--- Problem details ---
Exactly and only the lines from the one with "ショート パーマ メンズ 比嘉 龍佑のヘアスタイル" through the last line of the records need to be set down; please skip the pictures.

--- Record extracts ---
((

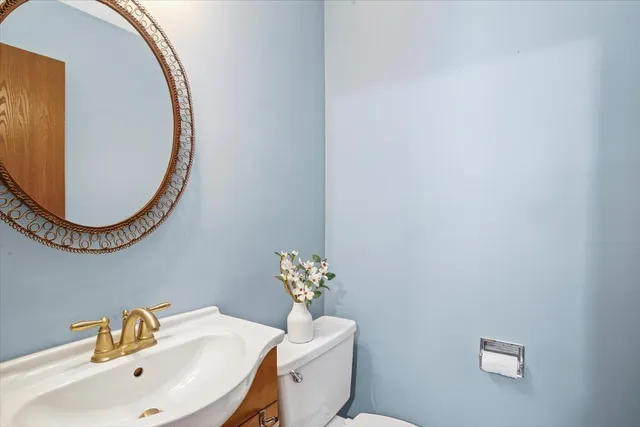 $284,900 | 27W229 Providence Lane, Winfield, IL 60190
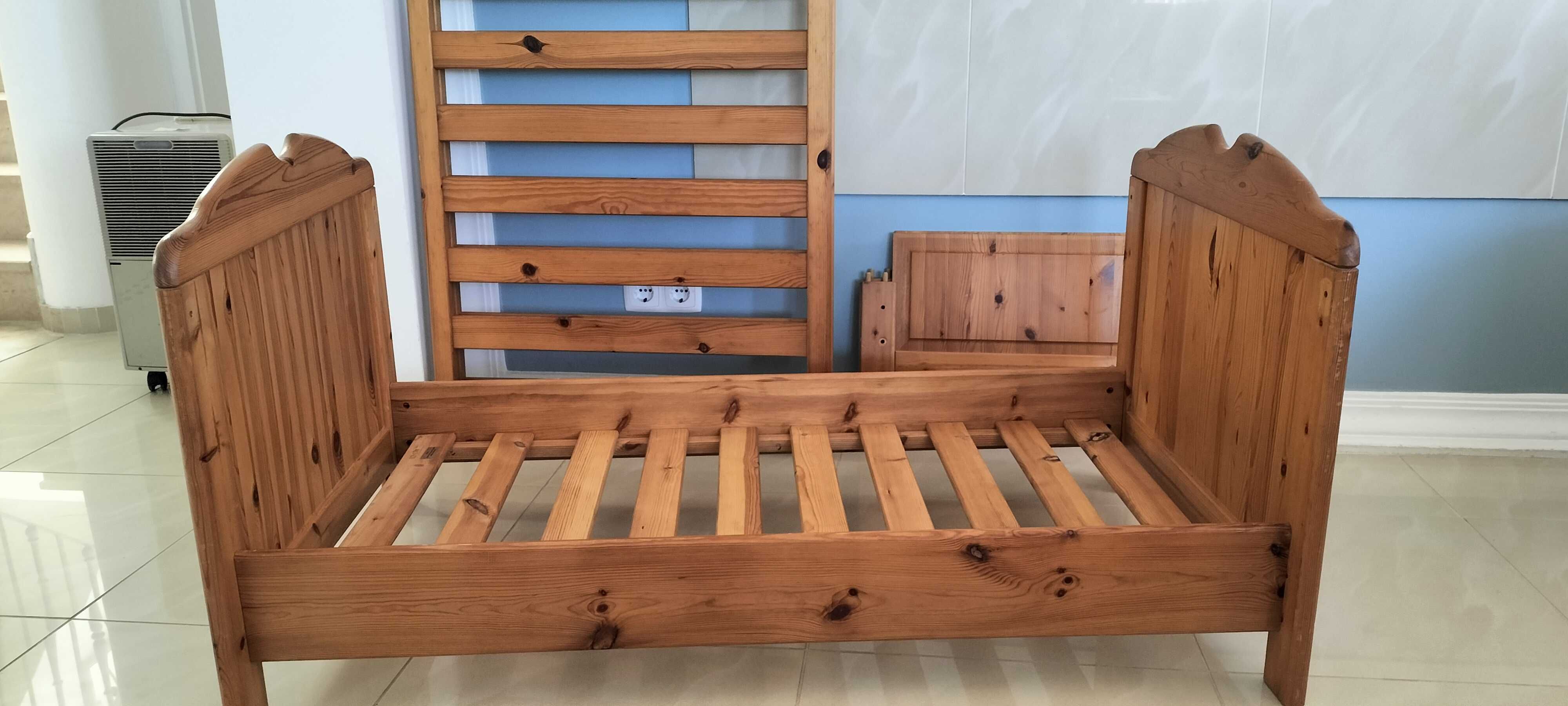 Cama de bebê combinação 2em1 marca Herlag 1883
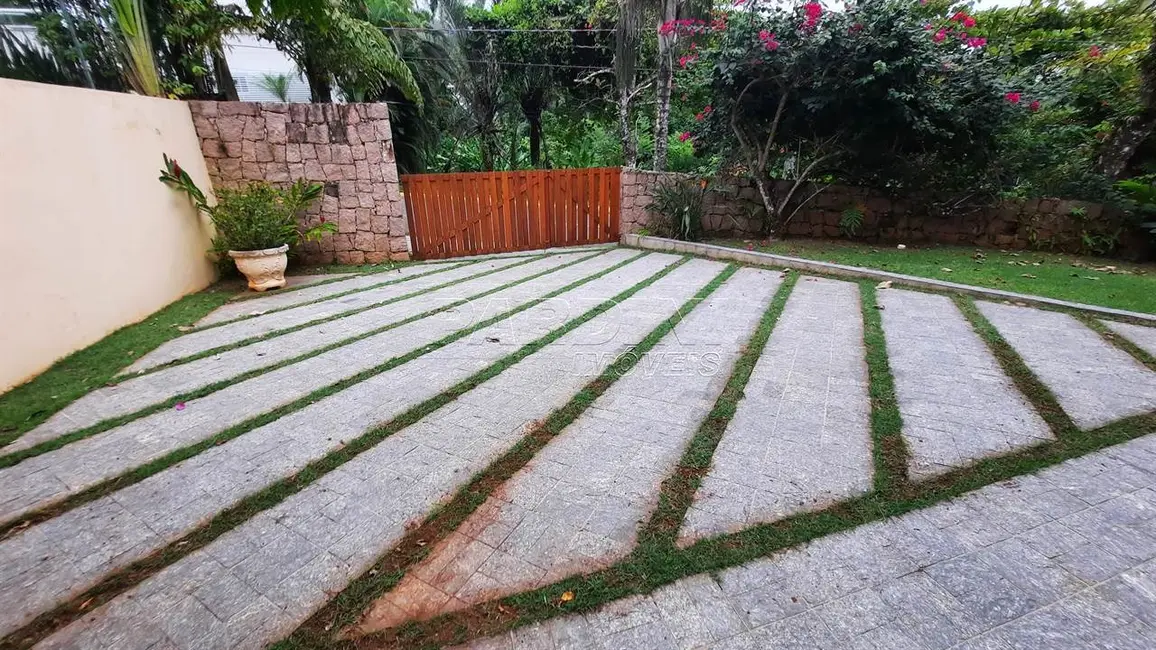 Foto 3 de Casa de Condomínio com 5 quartos à venda, 300m2 em Ubatuba - SP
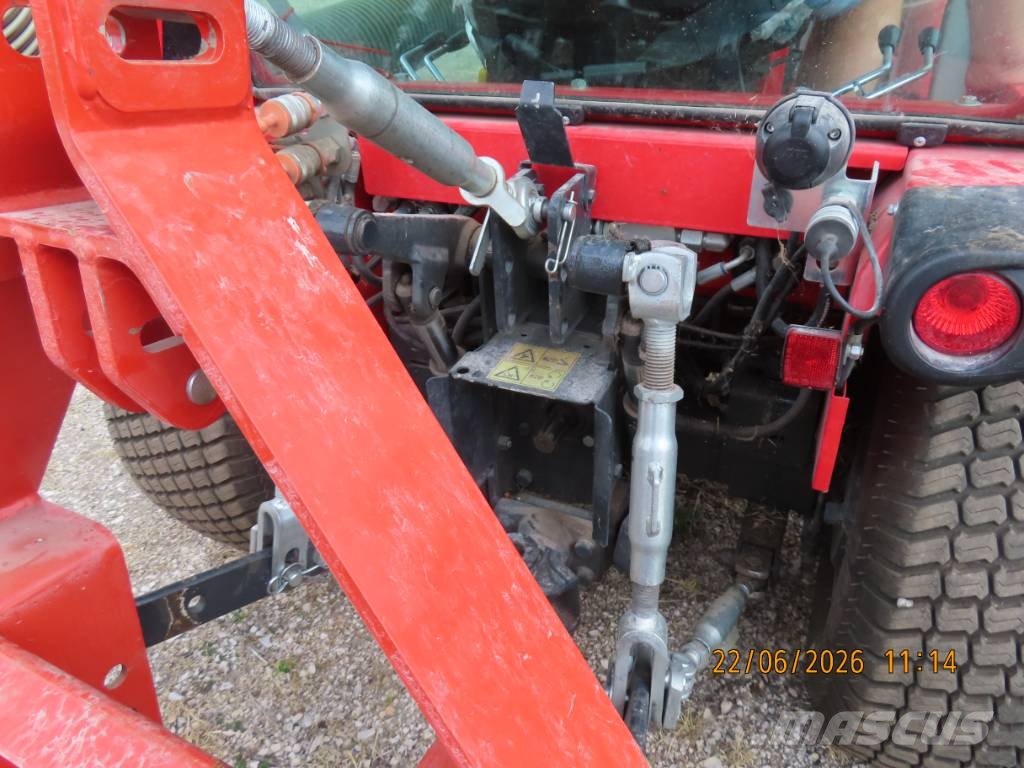 Antonio Carraro TTR 4400 HST II traktor + tartozékok Трактори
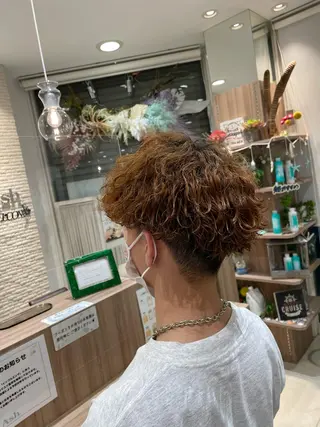 ショート パーマ メンズ 比嘉 龍佑のヘアスタイル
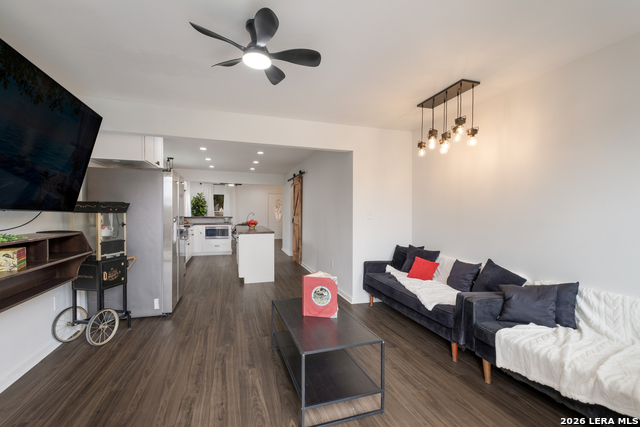 Image 8 of 21 For 1318 Edison Dr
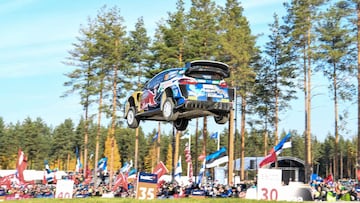 Fourmaux vuela en los tramos del Rally de Finlandia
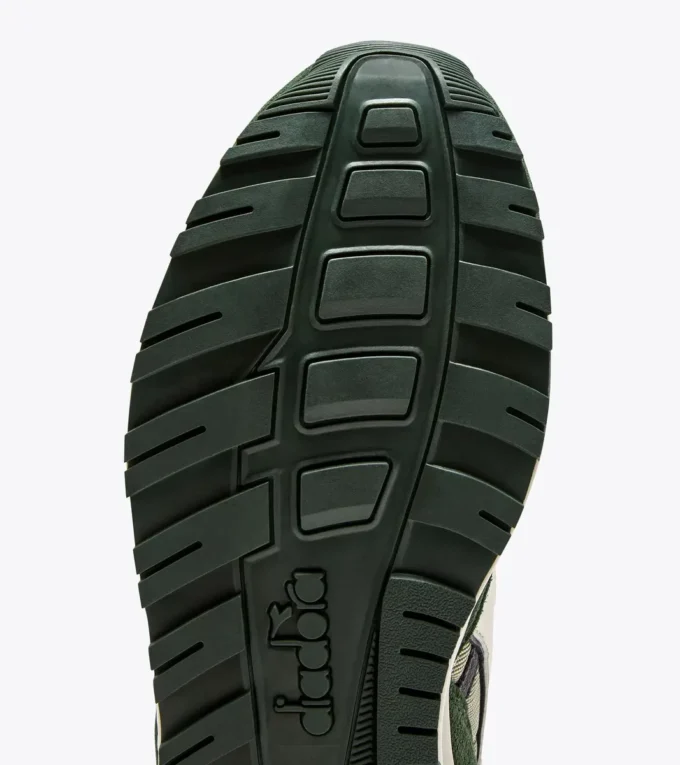 Baskets sportives N902 Baskets sportives N902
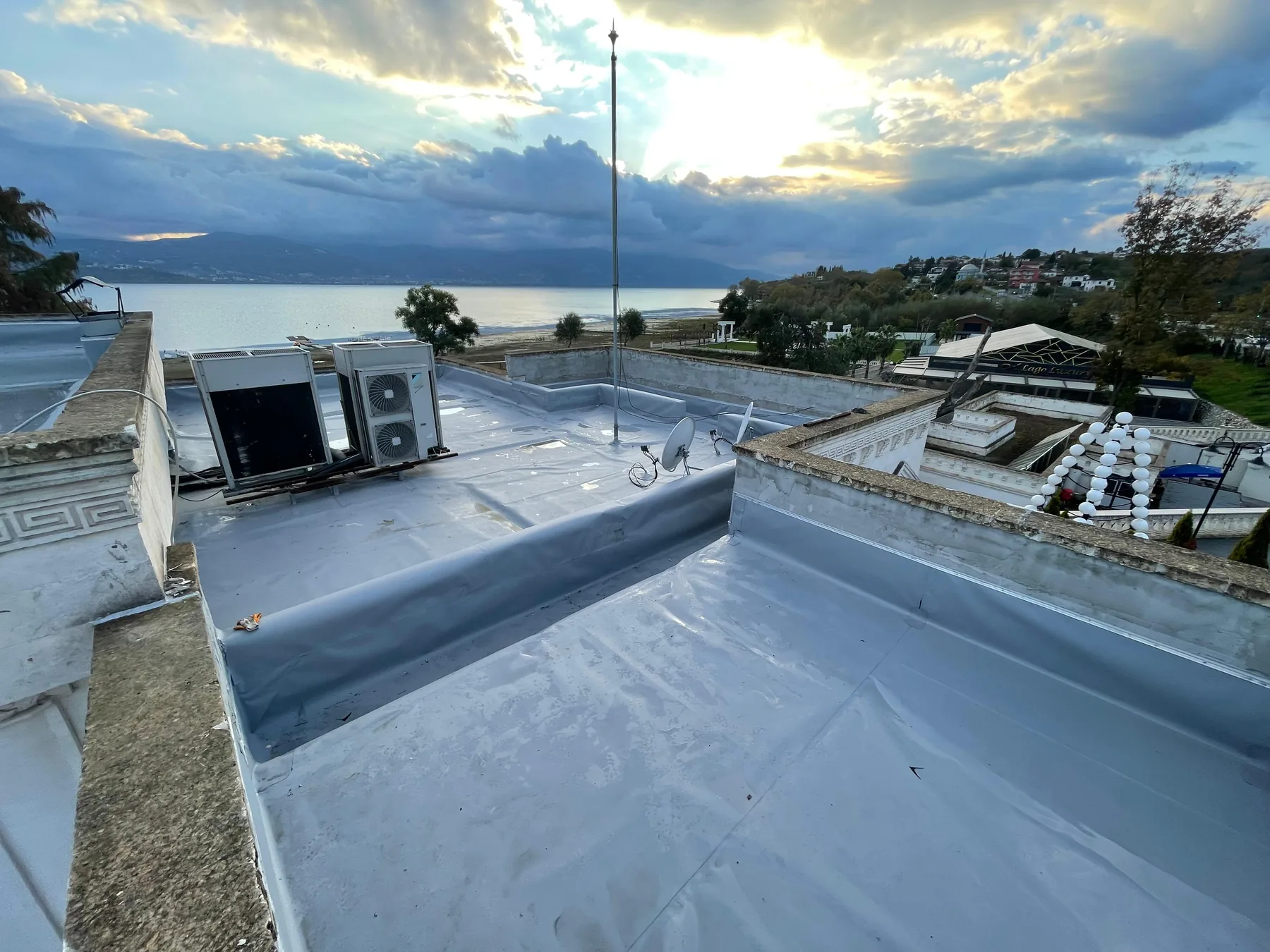 Gün batımında tamamlanmış teras çatı membranı ve parapet dönüşü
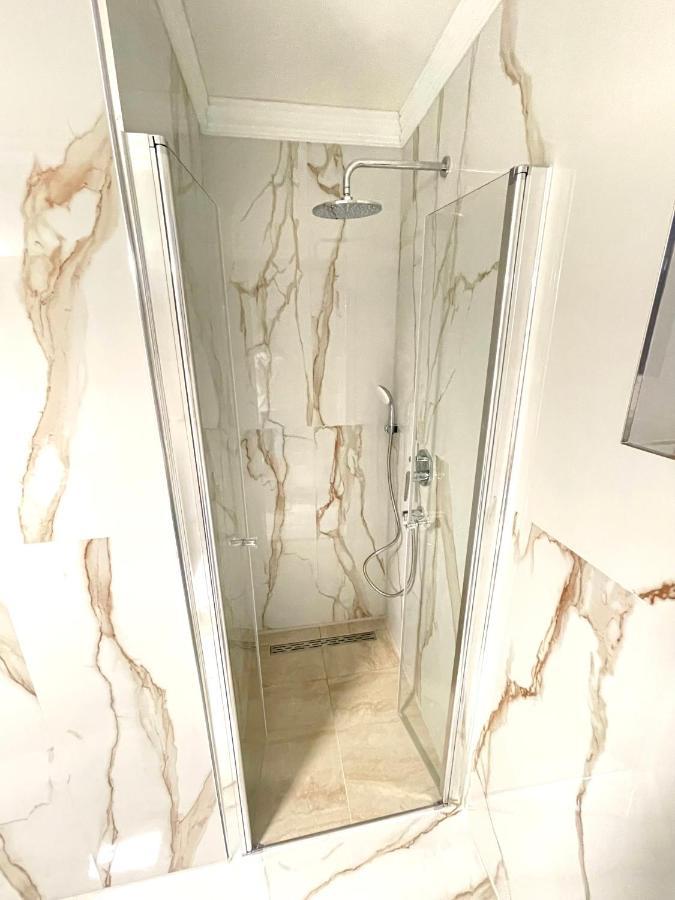 Apartman Nela Lejlighed Poreč Eksteriør billede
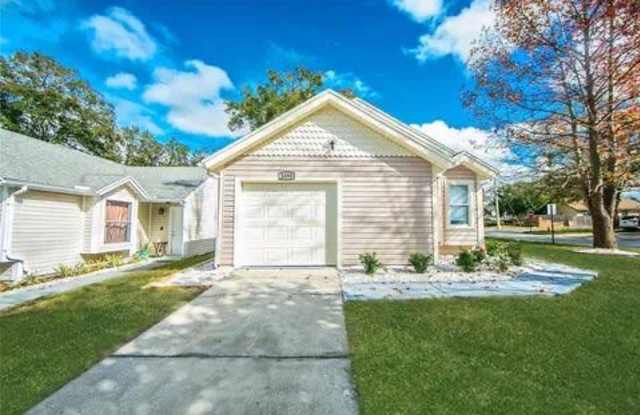 1895 Snapdragon Ct - 1895 Snapdragon Court, Apopka, FL 32703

))

--- Exercise output ---
 ショート パーマ メンズ 比嘉 龍佑のヘアスタイル
 Image 8 of 21 For 1318 Edison Dr
 Fourmaux vuela en los tramos del Rally de Finlandia
 Baskets sportives N902 Baskets sportives N902
 Gün batımında tamamlanmış teras çatı membranı ve parapet dönüşü
 Apartman Nela Lejlighed Poreč Eksteriør billede
 1895 Snapdragon Ct - 1895 Snapdragon Court, Apopka, FL 32703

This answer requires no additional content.